国土交通省によると建築物の解体工事は2028年ごろまで年々増加する見込みで、それに向けて2021年4月1日より、大気汚染防止法が改正され、規制が強化されます。
ここではアスベスト規制の大枠と注意すべきポイントをまとめます。ご一読いただき、関係がありそうだと思われたら、環境省のウェブサイトで詳細をご確認ください。
事前調査の強化
元請業者は解体工事を始める前に、石綿含有建材があるかどうかを調査し、その結果を発注者に説明する義務があります。しかし、調査方法や調査者の資格要件がなく、結果の保存義務もないため、石綿含有建材の見落としが発生していた可能性が指摘されていました。
そこで、調査方法を定め、さらに「石綿含有建材調査者」が調査をすることになりました。この「石綿含有建材調査者」は、国の外郭団体が運営していた任意資格を法定化するもので、既に2000名弱の資格者はいます。しかし、これでは足りないため、2023年10月までは資格者による調査を猶予し、それまでに30~40万人程度育成する予定だそうです。
調査結果は都道府県へ電子報告し、発注者へ説明、記録の保存も義務化されますので、これまでよりしっかりとした事前調査が行われることでしょう。なお、これに違反すると30万円以下の罰金の対象となります。
発注者による届出
事前調査の結果、レベル1,2(飛散性アスベスト)がある場合は、発注者が工事開始14日前までに都道府県に届出をしなければなりません。解体工事をする元請けではなく、コスト負担者である発注者が届け出をするところがポイントです。相応なコストがかかることを認識してもらい、不当な値下げを強要しないようにすることが目的でしょう。もし届出の内容に環境保全上の問題があると、計画変更命令が出されます。発注者は、届出を怠ると3か月以下の懲役30万円以下の罰金の対象に、計画変更命令に違反すると1年以下の懲役100万円以下の罰金の対象となります。
元請による作業
元請は作業基準に沿って石綿含有建材を除去し、作業記録を作成、発注者へ報告しなければなりません。レベル1,2は当然のこと、これまで規制がなく、本改正でも上記の届出の対象外であるレベル3(非飛散性)も、この作業基準等の対象となります。作業基準とは、湿潤化や養生、負圧化などの措置をすることを指し、適切に行わないと3か月以下の懲役、30万円以下の罰金の対象となります。
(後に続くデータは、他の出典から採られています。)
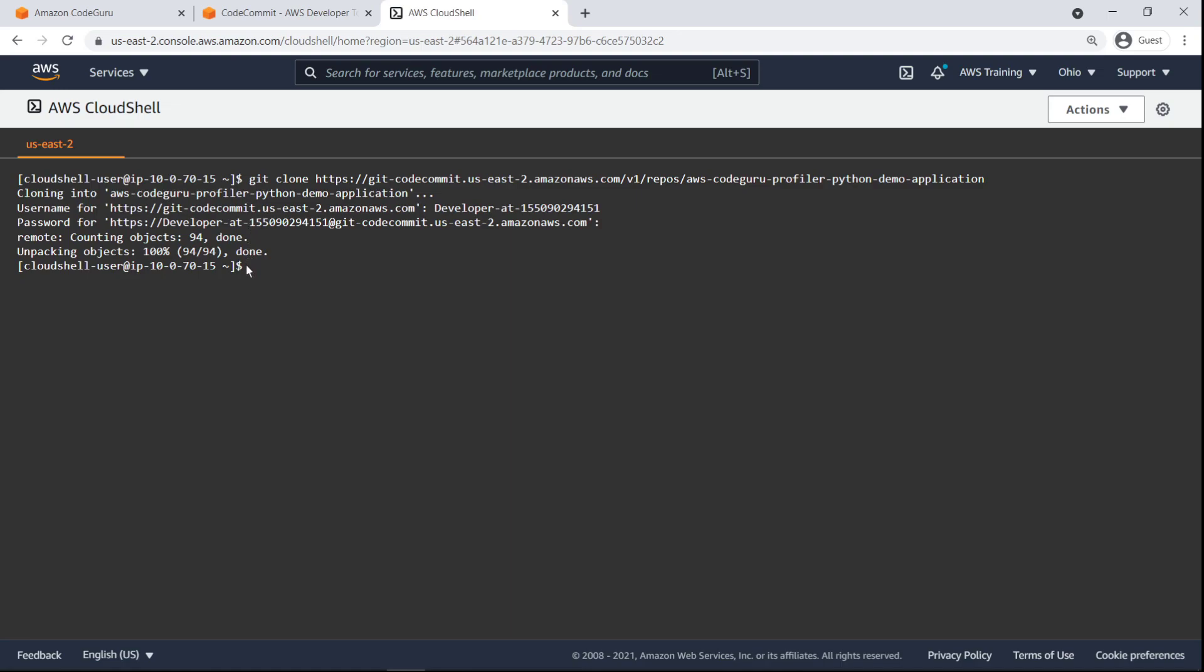Let's change our current working directory to the cloned repository. Next, use Git checkout to create a new branch to make changes in.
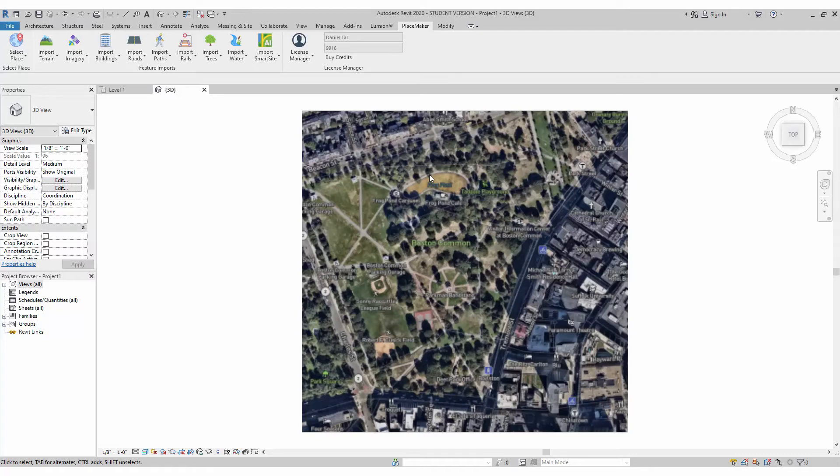The next step that's worth doing is looking at how to import the aerial and the aerial options that we have available for Placemaker.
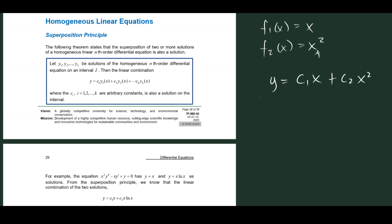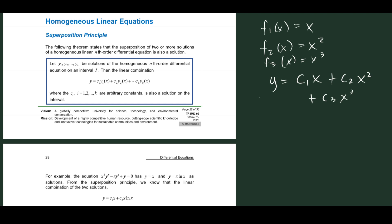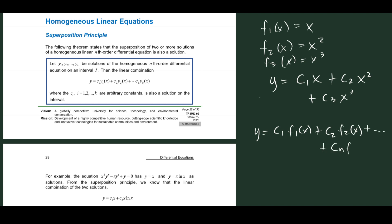What if we have three functions? Let's say we have f3(x) = x³. Then our linear combination becomes y = c1·x + c2·x² + c3·x³. The general form of a linear combination is y = c1·f1(x) + c2·f2(x) + ... + cn·fn(x). That is the linear combination of n number of functions.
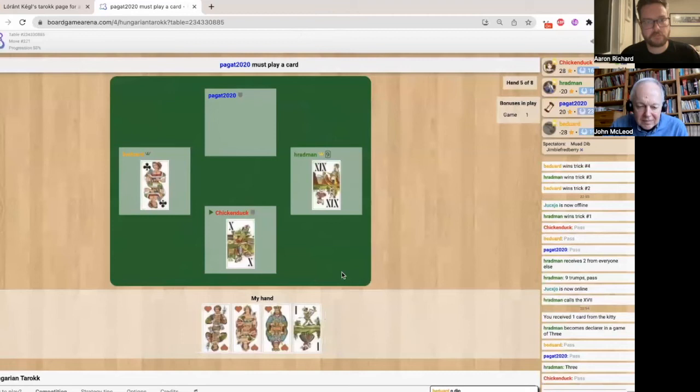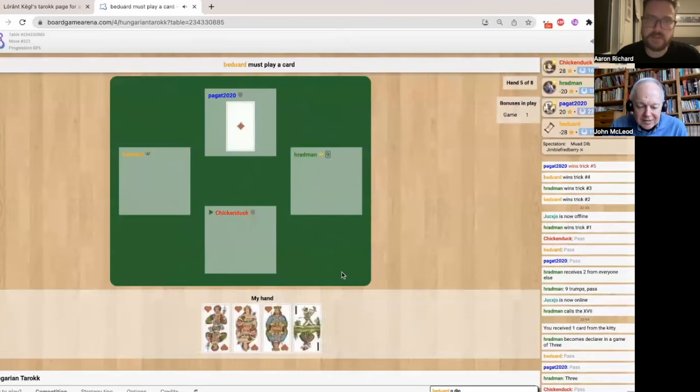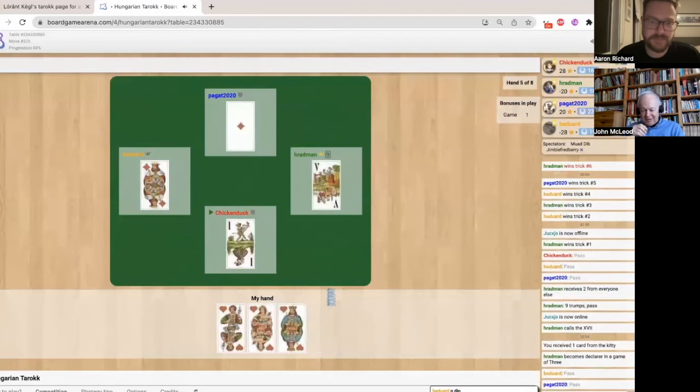Should I dare have played the Pagat to save it? Yes. Assuming that you would have... yes, because you know that I'm going to win. At some point, you should give me the Pagat, yes.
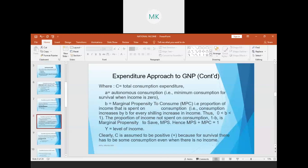To summarize: C is total consumption expenditure; 'a' is autonomous consumption, meaning the minimum consumption for survival when income is zero; 'b' is marginal propensity to consume, which is the proportion of income spent on consumption — consumption increases by b for every unit increase in income, and b is always between zero and one. The proportion of income not spent on consumption, 1 minus b, is the marginal propensity to save. Therefore MPC plus MPS always equals one.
これまでは調査方法は決まっておらず、書類の保管義務がほとんどなかったため、完了後の工事に石綿含有建材が含まれていたのかどうか調べようもなく、事後的なチェックを入れることが難しかったようです。今後は、すべての工事について調査、報告し、書類の保管が義務付けられますので、石綿含有建材の有無にかかわらず罰則をかけることが可能となります。
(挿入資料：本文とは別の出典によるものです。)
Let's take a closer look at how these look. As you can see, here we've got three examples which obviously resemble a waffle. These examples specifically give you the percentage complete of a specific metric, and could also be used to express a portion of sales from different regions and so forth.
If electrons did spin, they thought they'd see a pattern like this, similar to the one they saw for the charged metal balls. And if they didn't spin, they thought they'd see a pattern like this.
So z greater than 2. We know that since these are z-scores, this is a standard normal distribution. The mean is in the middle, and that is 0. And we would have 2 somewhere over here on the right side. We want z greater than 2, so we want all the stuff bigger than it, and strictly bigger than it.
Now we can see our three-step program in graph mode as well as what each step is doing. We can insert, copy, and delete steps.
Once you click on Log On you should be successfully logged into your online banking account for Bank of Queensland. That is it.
今後は石綿含有建材の有無はこれまで以上に厳しく調査され、適切な処理が進むことでしょう。また、欧米の規制は今回の改正のさらに先を行っていると言われており、さらなる規制強化が行われる可能性があります。所有する建築物の資産除去債務にも関係する場合もありますので、必要に応じて詳細確認をしてください。